Citigroup has been temporarily banned from adding wealth management clients in Indonesia due to a probe by that country into fraud allegations, media reports said.
The issue relates to the firm's Citigold business, rather than the private bank that deals with ultra high net worth clients, reports said.
Bank Indonesia, the central bank, has questioned Citigroup’s executives including the company’s head because of problems with internal controls, Darmin Nasution, the governor, told lawmakers in a hearing in parliament, reports said. He said regulatory authorities are also reviewing debt collection practices at the bank.
This is not the first time Citi has fallen afoul of Asian regulators. In 2004, the private bank of the US banking giant was ordered to cease operations in Japan due to regulatory shortcomings.
In a statement emailed to this publication, Citi said: "We are seeking clarification on the comments made but of course we will comply with whatever our regulator requires. We understand it was said to be a temporary measure, and has no impact on the services we offer our existing Citigold customers. Our focus is on cooperating fully with all authorities to bring the investigation to a conclusion and resolve the matter."
In the Indonesia case, a local relationship manager allegedly stole R16.1 billion (around $1.9 million) from three clients in 2009 and 2010 by using blank forms signed by the customers, National Police Director for Economy and Special Crime Arief Sulistyanto were quoted by Bloomberg as saying in a statement.
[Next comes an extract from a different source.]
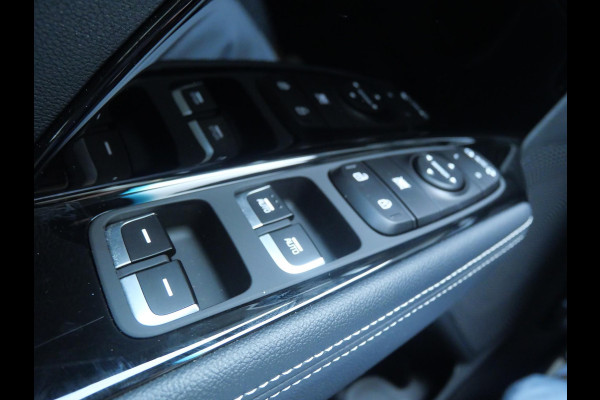 Kia e-Niro DynamicPlusLine 64 kWh | Trekhaak | Cruise | Clima | Camera | Carplay | Keyless | Navi | Stoel-stuurverwarming |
The bank filed a case against the employee on 14 March, he said.
“We have sent a letter to ask the bank to settle the problems without causing further losses to customers, to improve the internal controls and temporarily halt accepting new Citigold customers,” Nasution said.
The ban against seeking new clients has been in effect since 16 March, Bank Indonesia deputy governor Halim Alamsyah said at the hearing, reports said.
Citigroup has called customers that may be affected by the alleged fraud and will return the stolen money, Shariq Mukhtar, Citigroup’s Indonesia country head, said at a hearing on 5 April, reports said.